How will New Jersey’s share of 27 million additional people impact watersheds already in peril?

You be the judge, by reading info and linking to stories below about proposed development in Monmouth County…

- What effect will future roads, sewers, and utilities have upon our most precious resource — water — and what can we do to control Coastal Sprawl? (link to below)

WHY IT MATTERS
An astounding 55% of all Americans live within 50 miles of the ocean, resulting in human activity that is destroying our watersheds. Think the ‘circle of life’.

Our groundwater, streams, and rivers— that lead to estuaries and open water — are taxed by so many things: Fertilizers, pesticides, industrial waste, and drainage. The results on wildlife are disconcerting. (link)

By-products of development — some even unknown — are all detrimental to nature, and flood our “Coastal” zones daily. Human activity encourages it (and is ultimately affected).

Please know: Future building along the coast will only increase pollution and disrupt the ‘circle of life’ — demanding your attention, if not your action.

In fact, it’s estimated that half the increase in U.S. population in the next 15 years will live within an hour’s drive from the ocean or other significant body of water.

How will 27 million additional people impact watersheds already in peril? You be the judge.

- ‘Hope’ says our New Jersey leaders and developers realize the current, precarious situation of our water livelihood and will take the right action — but your involvement can only help

We link to stories about ‘Coastal Sprawl’ proposed in Monmouth County below, and what leaders and citizens say about how to forge onward responsibly. (link)

Before that, what can you do?
- Learn about the water cycle (link)
- Consider effects of new roads, sewers, and utilities (link)
- Commit to responsible action (link)

THE WATER CYCLE
The Earth is 97% water, from which all life is derived. A simple look at our local ecosystem would include:

· Rainwater absorbed by the ground
· Groundwater forming into streams
· Streams combining to form rivers
· Rivers filtered by “wet-land” areas, leading to the ocean
· Oceans receiving the rivers, and beginning the water cycle again

This natural process — and all life supported by it — becomes obstructed by our activities, which divert, pollute, and otherwise threaten its collapse.

WATER UNDER OUR CONTROL
Choosing to manipulate — not harmonize with the ‘Water Cycle’— has been the choice we’ve made to support ‘growth’, mostly in agriculture and industry. We also promote home landscaping and aqua culture for our enjoyment. However, past development did not include forethought to sustain our environment.
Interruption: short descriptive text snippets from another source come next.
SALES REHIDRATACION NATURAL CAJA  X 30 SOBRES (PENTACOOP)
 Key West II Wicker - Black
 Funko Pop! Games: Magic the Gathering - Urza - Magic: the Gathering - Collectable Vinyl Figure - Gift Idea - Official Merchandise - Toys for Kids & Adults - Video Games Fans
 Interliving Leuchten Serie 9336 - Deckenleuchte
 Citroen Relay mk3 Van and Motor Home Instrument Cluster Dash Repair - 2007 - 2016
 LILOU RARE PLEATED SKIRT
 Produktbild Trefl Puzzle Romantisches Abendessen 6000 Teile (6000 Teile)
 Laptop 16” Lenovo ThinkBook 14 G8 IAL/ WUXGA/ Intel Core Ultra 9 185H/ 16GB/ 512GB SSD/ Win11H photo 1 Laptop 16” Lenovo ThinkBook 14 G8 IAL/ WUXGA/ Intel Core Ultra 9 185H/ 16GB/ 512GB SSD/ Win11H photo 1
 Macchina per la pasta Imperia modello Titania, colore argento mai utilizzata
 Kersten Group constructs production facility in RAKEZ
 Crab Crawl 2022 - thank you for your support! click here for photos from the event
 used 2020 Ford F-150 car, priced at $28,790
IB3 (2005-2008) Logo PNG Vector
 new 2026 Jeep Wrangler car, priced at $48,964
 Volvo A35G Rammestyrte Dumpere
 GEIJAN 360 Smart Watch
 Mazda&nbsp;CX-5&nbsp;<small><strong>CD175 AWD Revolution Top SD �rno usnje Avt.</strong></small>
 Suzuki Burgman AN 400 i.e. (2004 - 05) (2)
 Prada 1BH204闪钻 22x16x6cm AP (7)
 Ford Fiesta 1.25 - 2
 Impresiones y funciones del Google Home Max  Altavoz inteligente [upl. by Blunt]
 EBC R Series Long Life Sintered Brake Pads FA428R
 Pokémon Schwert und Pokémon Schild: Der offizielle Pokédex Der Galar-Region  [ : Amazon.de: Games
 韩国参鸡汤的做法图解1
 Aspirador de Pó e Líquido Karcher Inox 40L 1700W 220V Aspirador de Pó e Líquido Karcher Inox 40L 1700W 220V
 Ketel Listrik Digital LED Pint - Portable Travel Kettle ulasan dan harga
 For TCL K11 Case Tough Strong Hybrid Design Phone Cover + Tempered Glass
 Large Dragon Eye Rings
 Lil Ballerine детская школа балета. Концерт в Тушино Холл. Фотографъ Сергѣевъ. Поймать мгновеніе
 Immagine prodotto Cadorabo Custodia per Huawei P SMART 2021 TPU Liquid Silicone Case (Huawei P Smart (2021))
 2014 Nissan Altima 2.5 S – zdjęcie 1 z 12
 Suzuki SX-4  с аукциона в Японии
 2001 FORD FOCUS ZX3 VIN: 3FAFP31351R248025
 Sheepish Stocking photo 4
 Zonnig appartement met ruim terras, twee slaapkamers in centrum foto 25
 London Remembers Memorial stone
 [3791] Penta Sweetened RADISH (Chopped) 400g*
We are starting to think differently.

Realize that we cannot forever:

· Dam and reservoir natural water flow to rivers and oceans
· Surface land impervious to water (such as roads and parking lots), causing drainage damaging to our watersheds
· Flow household and industrial waste into sewers leading to the ocean
· Build docks and recreation outlets without destroying habitats

WE CANNOT DO THESE THINGS… without fish and birds essential to the “circle of life” suffering unnecessarily. It’s all related to our other ACTIONABLE ITEMS you can undertake in order to sustain life. Many of us are already redirecting the norm! (link)

MONMOUTH COUNTY HOT TOPICS
Wreck Pond (link)
City of Long Branch Coastal Development (link)
Shark River (link)
etc.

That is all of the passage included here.